There are some more extraesophageal symptoms of GR, which do not occur very often, e.g. evaluation of laryngeal or tracheal ulcer, subglottic stenosis, laryngospasm and cricopharyngeal spasm, stridor, pain of the lateral neck, torticollis, otalgia. Severe symptoms such as pneumonia, apnea, cyanosis and stridor are usually found only in cases of massive reflux and direct airway exposure to gastric acid, mainly in children. 1 The acid exposure has recently been discussed as one causative factor of the sudden infant death syndrome (SIDS). Obviously the larynx plays a pivotal role in the development of apnea due to reflux. 8
It is of clinical significance that the natural lock mechanism of the upper and lower esophageal sphincter is broken through by a stomach tube, as gastric juice may flow upwards along the remaining stomach tube with the risk of aspiration of gastric juice and life-threatening aspiration pneumonia. Patients with remaining stomach tube must therefore be laid slightly upwards.
Conclusions
There is a great variety of extra-esophageal symptoms of GR, that differ very much in each individual. The absence of typical symptoms of GR increases the probability that the physician may misinterprete the causative agents of the present symptoms. In these cases it is marginal that the patients is conducted by the general practitioner, so that basic diagnosis, e.g. intense case history, examination of the whole body, electrocardiography and pulmonary function test, as well as goaldirected differential diagnostic measures lead to the correct diagnosis.

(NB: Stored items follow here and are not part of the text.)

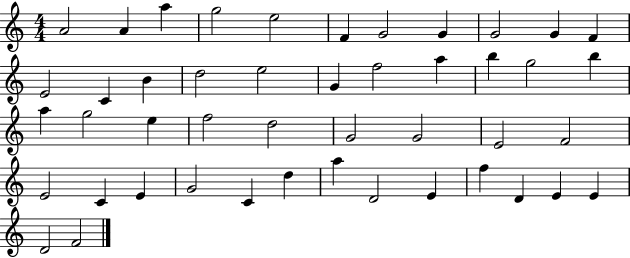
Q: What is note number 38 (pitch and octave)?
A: A5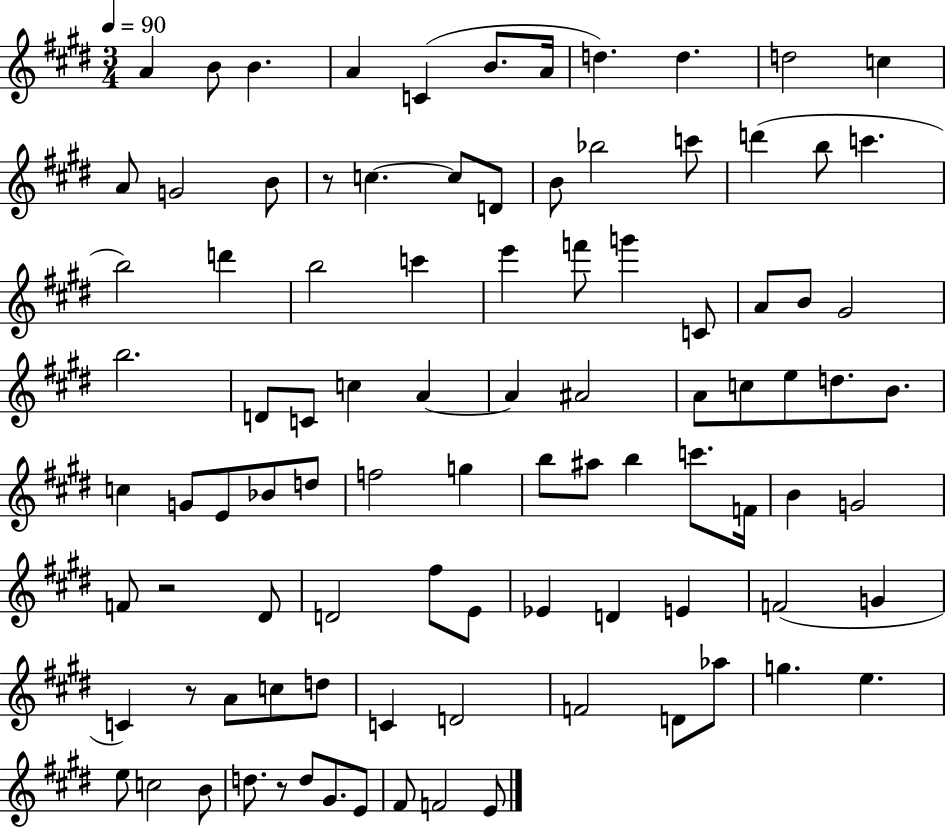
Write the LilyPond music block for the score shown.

{
  \clef treble
  \numericTimeSignature
  \time 3/4
  \key e \major
  \tempo 4 = 90
  a'4 b'8 b'4. | a'4 c'4( b'8. a'16 | d''4.) d''4. | d''2 c''4 | \break a'8 g'2 b'8 | r8 c''4.~~ c''8 d'8 | b'8 bes''2 c'''8 | d'''4( b''8 c'''4. | \break b''2) d'''4 | b''2 c'''4 | e'''4 f'''8 g'''4 c'8 | a'8 b'8 gis'2 | \break b''2. | d'8 c'8 c''4 a'4~~ | a'4 ais'2 | a'8 c''8 e''8 d''8. b'8. | \break c''4 g'8 e'8 bes'8 d''8 | f''2 g''4 | b''8 ais''8 b''4 c'''8. f'16 | b'4 g'2 | \break f'8 r2 dis'8 | d'2 fis''8 e'8 | ees'4 d'4 e'4 | f'2( g'4 | \break c'4) r8 a'8 c''8 d''8 | c'4 d'2 | f'2 d'8 aes''8 | g''4. e''4. | \break e''8 c''2 b'8 | d''8. r8 d''8 gis'8. e'8 | fis'8 f'2 e'8 | \bar "|."
}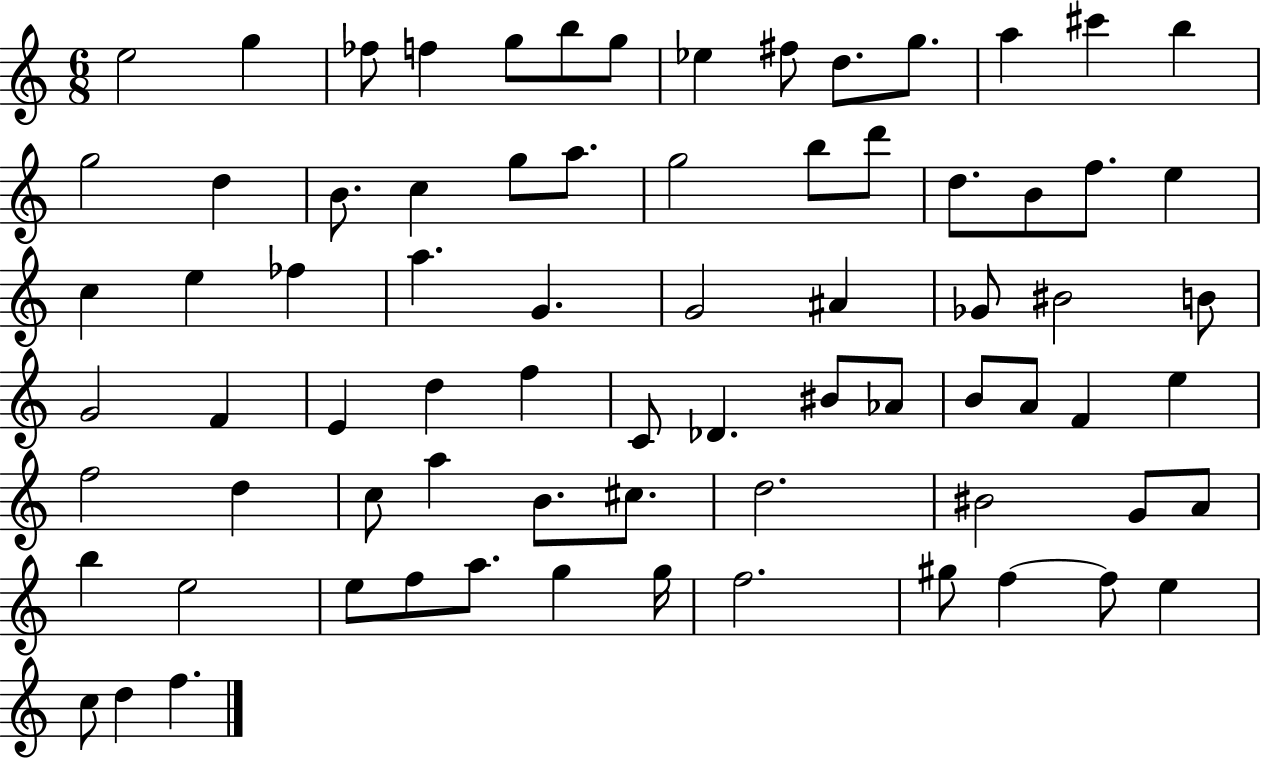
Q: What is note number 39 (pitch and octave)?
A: F4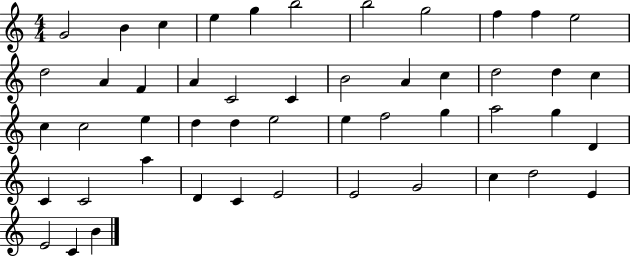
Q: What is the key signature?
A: C major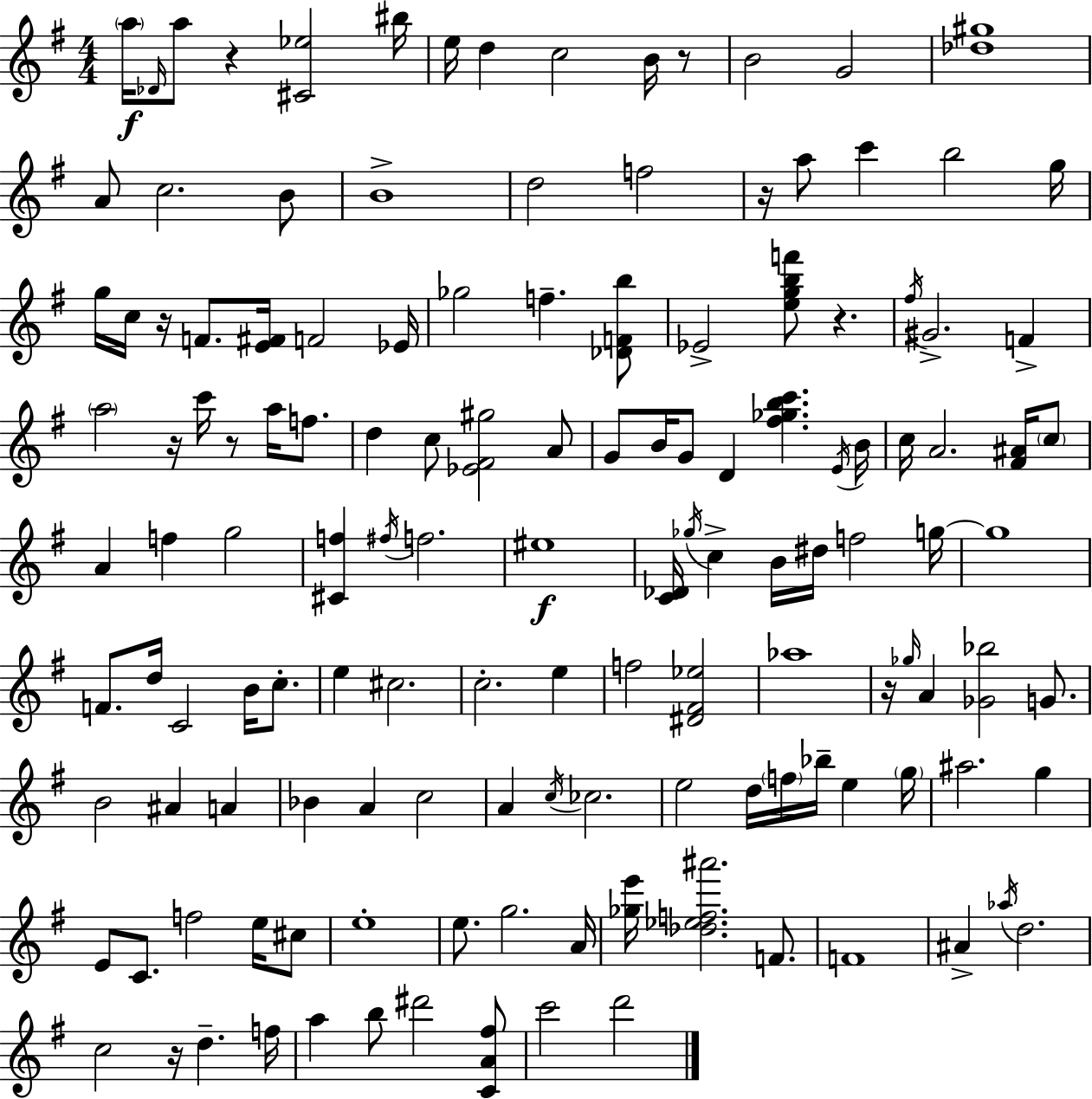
A5/s Db4/s A5/e R/q [C#4,Eb5]/h BIS5/s E5/s D5/q C5/h B4/s R/e B4/h G4/h [Db5,G#5]/w A4/e C5/h. B4/e B4/w D5/h F5/h R/s A5/e C6/q B5/h G5/s G5/s C5/s R/s F4/e. [E4,F#4]/s F4/h Eb4/s Gb5/h F5/q. [Db4,F4,B5]/e Eb4/h [E5,G5,B5,F6]/e R/q. F#5/s G#4/h. F4/q A5/h R/s C6/s R/e A5/s F5/e. D5/q C5/e [Eb4,F#4,G#5]/h A4/e G4/e B4/s G4/e D4/q [F#5,Gb5,B5,C6]/q. E4/s B4/s C5/s A4/h. [F#4,A#4]/s C5/e A4/q F5/q G5/h [C#4,F5]/q F#5/s F5/h. EIS5/w [C4,Db4]/s Gb5/s C5/q B4/s D#5/s F5/h G5/s G5/w F4/e. D5/s C4/h B4/s C5/e. E5/q C#5/h. C5/h. E5/q F5/h [D#4,F#4,Eb5]/h Ab5/w R/s Gb5/s A4/q [Gb4,Bb5]/h G4/e. B4/h A#4/q A4/q Bb4/q A4/q C5/h A4/q C5/s CES5/h. E5/h D5/s F5/s Bb5/s E5/q G5/s A#5/h. G5/q E4/e C4/e. F5/h E5/s C#5/e E5/w E5/e. G5/h. A4/s [Gb5,E6]/s [Db5,Eb5,F5,A#6]/h. F4/e. F4/w A#4/q Ab5/s D5/h. C5/h R/s D5/q. F5/s A5/q B5/e D#6/h [C4,A4,F#5]/e C6/h D6/h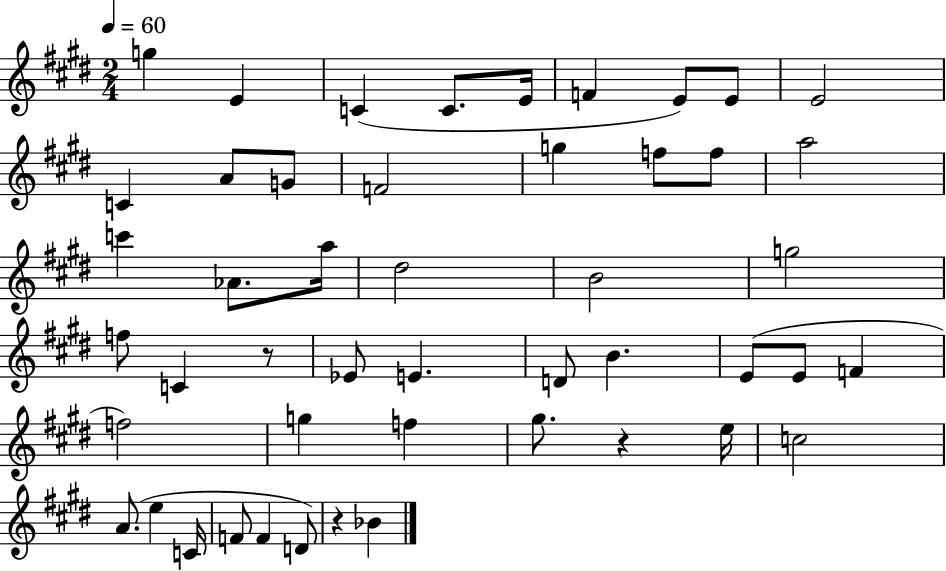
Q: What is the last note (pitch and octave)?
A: Bb4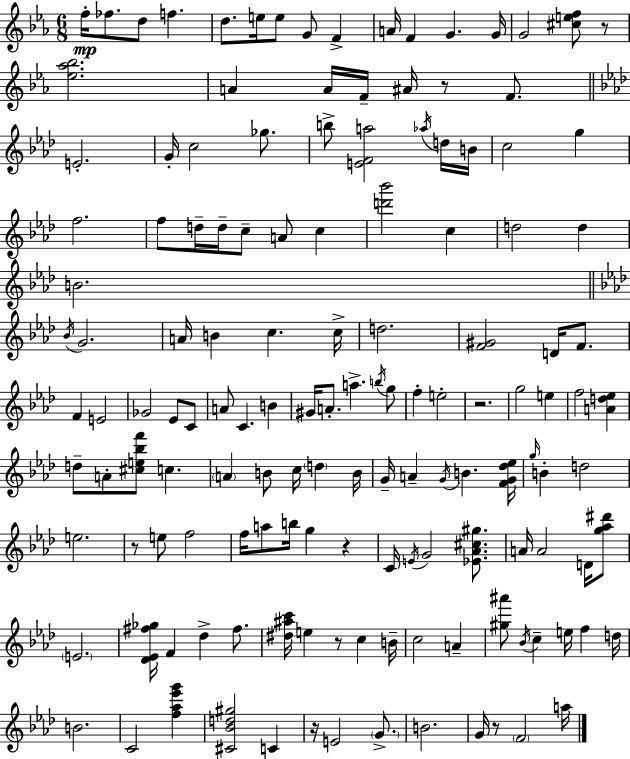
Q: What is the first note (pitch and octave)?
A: F5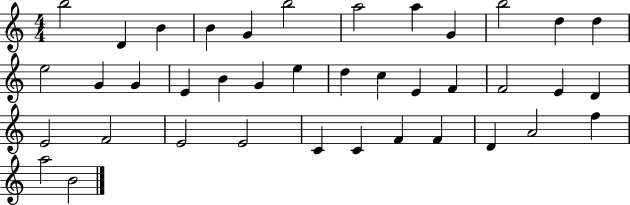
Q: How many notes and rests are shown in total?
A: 39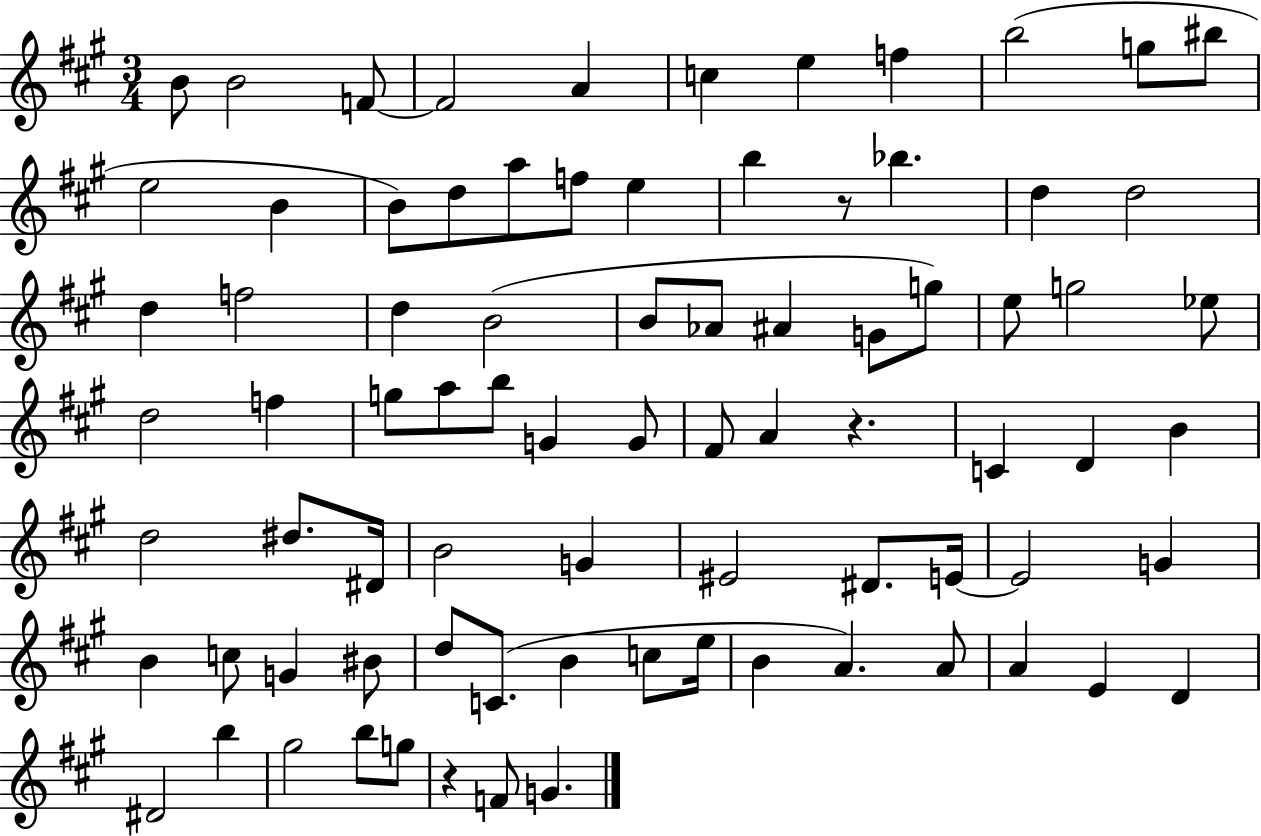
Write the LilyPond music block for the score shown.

{
  \clef treble
  \numericTimeSignature
  \time 3/4
  \key a \major
  b'8 b'2 f'8~~ | f'2 a'4 | c''4 e''4 f''4 | b''2( g''8 bis''8 | \break e''2 b'4 | b'8) d''8 a''8 f''8 e''4 | b''4 r8 bes''4. | d''4 d''2 | \break d''4 f''2 | d''4 b'2( | b'8 aes'8 ais'4 g'8 g''8) | e''8 g''2 ees''8 | \break d''2 f''4 | g''8 a''8 b''8 g'4 g'8 | fis'8 a'4 r4. | c'4 d'4 b'4 | \break d''2 dis''8. dis'16 | b'2 g'4 | eis'2 dis'8. e'16~~ | e'2 g'4 | \break b'4 c''8 g'4 bis'8 | d''8 c'8.( b'4 c''8 e''16 | b'4 a'4.) a'8 | a'4 e'4 d'4 | \break dis'2 b''4 | gis''2 b''8 g''8 | r4 f'8 g'4. | \bar "|."
}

Because of the fatal effects of chronic reflux of stomach content on the tissue the patients are in need of an effective therapy. Even in cases of therapy resistant obstructive airway disease and excluded pollinosis or allergy as well as no clinical findings on gastroscopy, the physician should begin a treatment e.g. with omeprazol, as GR may be the causative agent. In a general practice these patients did not only complain of difficulty in breathing, but firstly of dry cough in the very early morning; at this time, too, many patients complain of water brash and gastriac pain because of the physiologically higher production of gastric acid, so that it can be supposed the same etiology for both symptoms.
Patients with coma, in anesthesia, with neurological diseases or tracheal, esophageal or laryngeal malformation have to be taken special care of as to avoid an aspiration of gastric juice. As GR is a common symptom in children, manifestation of GR has to be taken into account even in those children with frequent oto-laryngologic diseases.